When the string "Design" occurs in a line of the listing below, return that line.

↓

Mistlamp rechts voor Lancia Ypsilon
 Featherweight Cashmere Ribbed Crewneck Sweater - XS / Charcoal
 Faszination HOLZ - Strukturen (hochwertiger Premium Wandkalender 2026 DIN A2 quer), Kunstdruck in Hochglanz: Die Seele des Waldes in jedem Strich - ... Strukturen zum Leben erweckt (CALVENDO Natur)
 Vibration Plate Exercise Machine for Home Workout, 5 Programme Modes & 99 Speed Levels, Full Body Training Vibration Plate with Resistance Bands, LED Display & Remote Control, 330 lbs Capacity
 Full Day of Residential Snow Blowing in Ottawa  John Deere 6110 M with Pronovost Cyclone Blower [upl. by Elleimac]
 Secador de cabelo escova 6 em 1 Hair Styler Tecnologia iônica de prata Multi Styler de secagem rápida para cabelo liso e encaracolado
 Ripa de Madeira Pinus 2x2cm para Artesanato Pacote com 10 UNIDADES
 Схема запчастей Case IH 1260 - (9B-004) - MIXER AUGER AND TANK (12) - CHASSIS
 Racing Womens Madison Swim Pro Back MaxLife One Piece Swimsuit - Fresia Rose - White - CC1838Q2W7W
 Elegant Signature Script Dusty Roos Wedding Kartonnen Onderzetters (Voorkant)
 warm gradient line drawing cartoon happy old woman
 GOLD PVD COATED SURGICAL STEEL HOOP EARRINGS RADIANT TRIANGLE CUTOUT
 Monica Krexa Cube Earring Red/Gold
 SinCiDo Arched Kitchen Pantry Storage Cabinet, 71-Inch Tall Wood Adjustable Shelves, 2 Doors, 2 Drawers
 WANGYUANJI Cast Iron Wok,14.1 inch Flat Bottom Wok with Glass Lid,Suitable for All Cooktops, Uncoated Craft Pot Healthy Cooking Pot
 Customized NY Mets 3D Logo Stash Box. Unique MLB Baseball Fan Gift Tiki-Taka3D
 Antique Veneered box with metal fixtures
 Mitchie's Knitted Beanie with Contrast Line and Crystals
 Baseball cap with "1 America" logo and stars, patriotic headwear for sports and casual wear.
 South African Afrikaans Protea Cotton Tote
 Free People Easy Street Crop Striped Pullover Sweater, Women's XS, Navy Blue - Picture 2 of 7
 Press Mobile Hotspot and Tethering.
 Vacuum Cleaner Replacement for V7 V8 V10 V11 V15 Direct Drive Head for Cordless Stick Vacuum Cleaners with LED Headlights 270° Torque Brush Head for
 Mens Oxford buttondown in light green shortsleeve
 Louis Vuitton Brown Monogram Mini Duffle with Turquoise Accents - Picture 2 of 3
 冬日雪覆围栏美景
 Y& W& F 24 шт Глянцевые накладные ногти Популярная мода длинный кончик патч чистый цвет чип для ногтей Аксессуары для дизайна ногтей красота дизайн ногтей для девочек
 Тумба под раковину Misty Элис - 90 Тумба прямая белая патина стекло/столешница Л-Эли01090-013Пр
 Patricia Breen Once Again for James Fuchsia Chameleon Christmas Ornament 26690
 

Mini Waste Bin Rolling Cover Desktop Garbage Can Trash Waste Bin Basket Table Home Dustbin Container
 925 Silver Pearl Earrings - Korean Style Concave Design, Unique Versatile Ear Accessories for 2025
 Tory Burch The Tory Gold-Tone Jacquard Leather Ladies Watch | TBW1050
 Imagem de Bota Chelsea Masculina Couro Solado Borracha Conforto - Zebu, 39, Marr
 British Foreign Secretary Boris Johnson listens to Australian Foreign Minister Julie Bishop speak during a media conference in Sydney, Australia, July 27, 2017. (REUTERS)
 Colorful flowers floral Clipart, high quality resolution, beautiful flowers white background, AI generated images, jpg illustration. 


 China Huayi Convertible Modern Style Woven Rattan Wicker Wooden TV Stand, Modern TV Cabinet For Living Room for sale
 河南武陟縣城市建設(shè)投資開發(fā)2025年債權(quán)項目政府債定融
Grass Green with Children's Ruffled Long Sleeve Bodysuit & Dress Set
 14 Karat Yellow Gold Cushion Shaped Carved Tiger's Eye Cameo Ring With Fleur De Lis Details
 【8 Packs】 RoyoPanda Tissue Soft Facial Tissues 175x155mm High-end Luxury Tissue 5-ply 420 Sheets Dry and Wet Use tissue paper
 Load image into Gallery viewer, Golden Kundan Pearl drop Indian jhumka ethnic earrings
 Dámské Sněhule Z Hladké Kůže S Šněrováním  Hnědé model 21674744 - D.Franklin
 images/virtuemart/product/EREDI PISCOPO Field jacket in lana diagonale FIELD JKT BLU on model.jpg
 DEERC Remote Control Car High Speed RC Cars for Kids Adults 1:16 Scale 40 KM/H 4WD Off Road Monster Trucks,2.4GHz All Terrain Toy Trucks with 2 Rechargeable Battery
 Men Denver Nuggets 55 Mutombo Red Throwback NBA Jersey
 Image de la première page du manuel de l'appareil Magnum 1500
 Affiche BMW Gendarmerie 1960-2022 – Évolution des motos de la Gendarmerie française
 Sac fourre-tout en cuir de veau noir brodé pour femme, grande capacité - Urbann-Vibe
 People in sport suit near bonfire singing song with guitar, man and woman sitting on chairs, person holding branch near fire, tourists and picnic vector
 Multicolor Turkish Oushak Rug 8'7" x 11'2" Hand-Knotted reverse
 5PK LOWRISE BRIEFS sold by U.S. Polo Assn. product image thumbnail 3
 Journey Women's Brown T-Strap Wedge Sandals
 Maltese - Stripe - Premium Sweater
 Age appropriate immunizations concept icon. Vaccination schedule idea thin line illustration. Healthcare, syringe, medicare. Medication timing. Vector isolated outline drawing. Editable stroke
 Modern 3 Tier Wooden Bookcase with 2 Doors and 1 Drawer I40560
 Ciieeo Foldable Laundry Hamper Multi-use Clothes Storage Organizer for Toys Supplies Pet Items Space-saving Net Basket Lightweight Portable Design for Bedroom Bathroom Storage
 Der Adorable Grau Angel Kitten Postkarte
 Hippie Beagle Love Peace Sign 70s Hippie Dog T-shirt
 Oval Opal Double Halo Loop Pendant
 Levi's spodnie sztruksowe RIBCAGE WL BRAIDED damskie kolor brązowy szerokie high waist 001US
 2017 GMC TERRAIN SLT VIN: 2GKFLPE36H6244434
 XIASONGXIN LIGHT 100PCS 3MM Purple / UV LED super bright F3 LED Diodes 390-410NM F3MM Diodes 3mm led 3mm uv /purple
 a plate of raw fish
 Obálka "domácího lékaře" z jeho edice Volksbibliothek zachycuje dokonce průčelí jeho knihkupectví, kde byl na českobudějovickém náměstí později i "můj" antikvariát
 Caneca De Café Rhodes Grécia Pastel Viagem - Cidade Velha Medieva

↑

FINISHED TASK:
 925 Silver Pearl Earrings - Korean Style Concave Design, Unique Versatile Ear Accessories for 2025
 Ciieeo Foldable Laundry Hamper Multi-use Clothes Storage Organizer for Toys Supplies Pet Items Space-saving Net Basket Lightweight Portable Design for Bedroom Bathroom Storage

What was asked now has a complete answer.